Jesus tried to illustrate this for his listeners in the parables we heard today. When the one sheep gets lost, and wanders off, does it finally find its own way home? Does it set itself on the right path and go bounding back to its shepherd, promising never to run off again? NO, it’s the shepherd who goes out and finds the sheep – all the effort is on the part of the shepherd who searches and hikes and wanders around until he finally succeeds in reuniting sheep and shepherd. And then he rejoices.     Bible scholar Ken Bailey points out that he even rejoices while carrying the sheep home, rejoices in the bearing of the burden. He joyfully takes it on his shoulders, verse 5 says, even though carrying a sheep through a desert after a long search can’t be a whole lot of fun, and then he gets home, calls together his friends, and they rejoice again.

We’re told very directly that the hundred sheep, with one lost, stands for one hundred people, including one sinner. Who can the shepherd in the story be, then, but God? God’s effort brings the sinner back home, and God is glad to do it – God rejoices all the while.

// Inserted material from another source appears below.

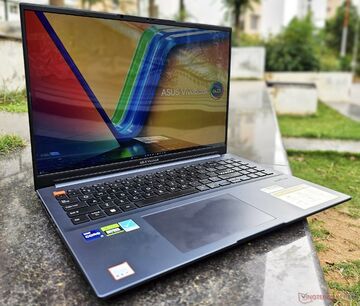 Asus Vivobook Pro 16 test par NotebookCheck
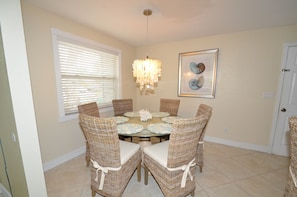 Dining - Coastal Cottage, <1 mile to the Beach, near Ritz Carlton! (Naples)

When the coin gets lost, in the other parable, and rolls, say, into a dark corner, does it pick itself up and roll back into the middle of the room and jump into the woman’s pocket? Does it yell out, “Over here, over here, come get me”? NO, it’s the woman who lights a lamp and sweeps out the whole house and searches thoroughly and finally finds the coin over in its dark corner. She calls all her friends together and they rejoice, and Jesus tells us again: the coin is like a sinner restored to God. And who does the restoring? Who makes all the effort? Who can the woman in the story be but God, rejoicing in being able to do the restoring. Sheep, and coins, are pretty much passive things – they just sit around or, if anything, seem to try to get themselves lost. But God’s love is big enough to bring them back; God helps.

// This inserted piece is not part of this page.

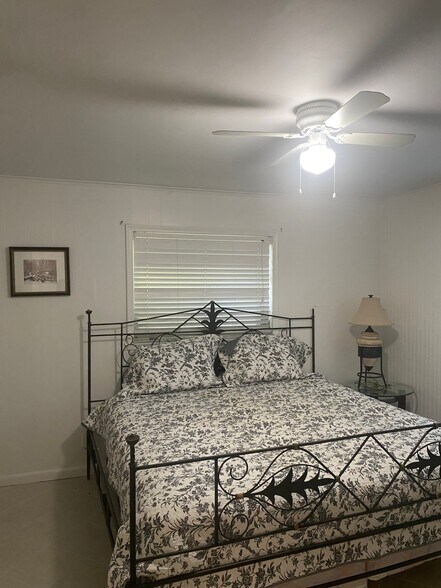 Building Photo - 115 Palamino Cir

These two stories serve as an introduction to a third, which we didn’t read today but which you probably know: it’s usually called “the prodigal son.” Ken Bailey says that a better title for the story would probably be “The Loving Father”, for it’s the father who is at the center of the action in both halves of the story. It’s the father who goes running down the road to greet his lost younger son, restore him into the family, and call all his friends around to celebrate – just as the shepherd did, just as the woman did. It’s the father who goes out to the angry older brother and tries to bring him inside too, to pull him back into the family and the celebration. The key to the parable is the father’s love extending out to both his sons, trying to bring them back; and once again, what can the father’s love represent here but God’s love? God’s love, extended to bring us back even when – or especially when – we mess up.

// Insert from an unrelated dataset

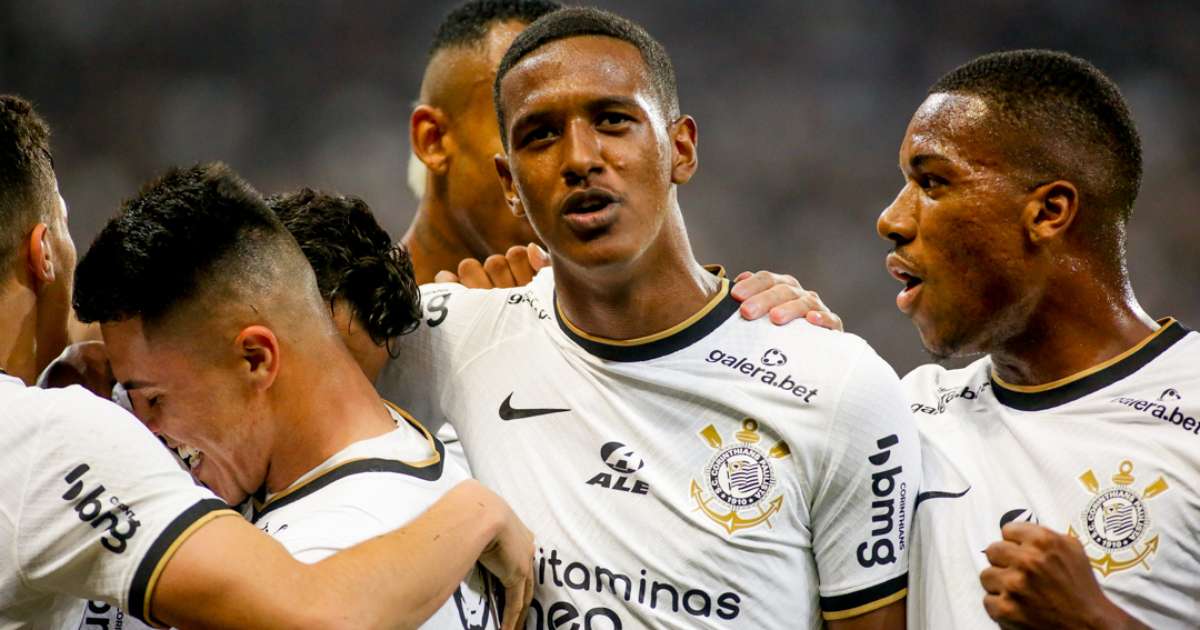 Robert Renan demonstra interesse em voltar ao Corinthians; Entenda a negociação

Next Sunday, we will celebrate the Lord’s Supper, and see in that supper and what it commemorates . . . the greatest example of all of God’s love extended for us, to bring us back into relationship with God. Christians are advised to prepare for the Lord’s Supper, by praying and meditating and resolving any conflicts they have with other people in their lives. As we prepare, I suggest we think about how the Lord’s Supper, and the death of Jesus Christ which soon followed, are a demonstration of God’s love, how they are actions taken by God to overcome our inability to remain faithful on our own – how they too demonstrate for us what the author of I Timothy has stated for us: Christ Jesus our Lord has given us strength; the grace of our Lord has filled us with faith and love. God, like the shepherd, the woman, the loving father, pursues us and rejoices in bringing us back into relationship. God helps us. The love of God strengthens our love, and that is the source of our faithfulness.

Let’s pray: God, thank you for persisting in your love for us, even when we, like Old Testament Israel, or a straying sheep, or even Nick Tortelli, wander away into places where we shouldn’t be or do things we shouldn’t do. Thank you for your grace, which gives us the chance to be faithful to you – and help us be faithful, we ask in Jesus’ name. Amen.